Sources told the Chicago Sun-Times on Sunday that Obama Attorney General Loretta Lynch will launch a Civil Rights Division investigation into the Chicago Police Department’s actions during the 2014 shooting of 17-year-old Laquan McDonald. The teen was shot sixteen times by officer Jason Van Dyke.
Lynch is reportedly launching what is called a “pattern or practice” investigation to determine if a policy or the culture in the CPD tends to result in racist or illegal outcomes.
Several politicians, both local and national, have called for the Justice Department to launch an investigation, including Democrat presidential candidate Hillary Clinton, Illinois Attorney General Lisa Madigan, and Sen. Dick Durbin. The calls were made after police dashcam video of the incident was released a full year after the shooting.
After the dashcam video of the incident emerged—video that the city held back for over a year—local Cook County prosecutor Anita Alvarez indicted the Chicago police officer who shot the teen. But the shooting itself was deemed justified by the city back in December of 2014.

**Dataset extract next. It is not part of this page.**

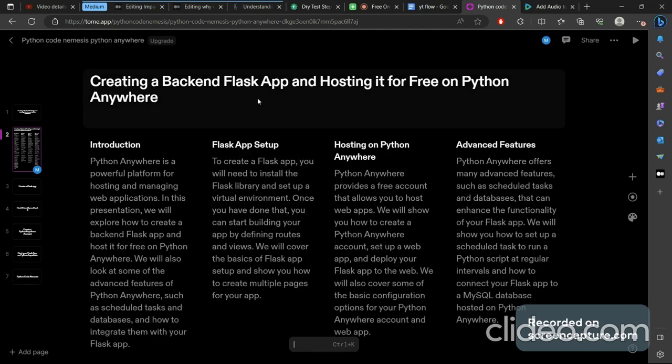PythonAnywhere is a powerful platform for hosting and managing web applications. We'll explore how to create a backend Flask app and host it for free on PythonAnywhere. We'll also look at some other features of PythonAnywhere and the common mistakes that people usually make which cause their sites to fail.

Despite that determination, though, this year, the Chicago City Council approved a $5 million payout to the absentee mother of the dead teenager, a payment that some labeled “hush money.”
After a week of street protests, Chicago Mayor Rahm Emanuel ultimately fired his top cop, Garry McCarthy, despite spending the previous week claiming that he had full confidence in his police superintendent.

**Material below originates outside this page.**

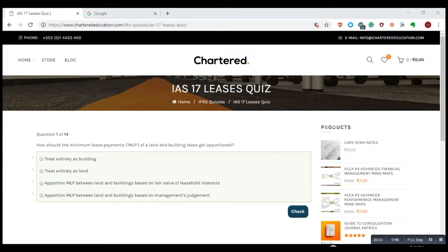Hello guys, welcome to our channel Nota Check on Tube with our series of videos on international accounting standards. In this video we're going to share a short quiz on IAS 17, which is Leases.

But protesters were unsatisfied with the firing of McCarthy and have been making further demands that Emanuel and State’s Attorney Anita Alvarez join McCarthy on the way out the door. For his part, Emanuel has steadfastly refused to quit, saying that his re-election only 8 months ago was the final word on his status as mayor.
Emanuel has also rebuked those claiming that the release of the video was delayed for a year in order to smooth his re-election campaign. In February, Emanuel was forced into the first runoff election in city history, and many feel that if this video was out in public at that time, he would not have won his re-election campaign.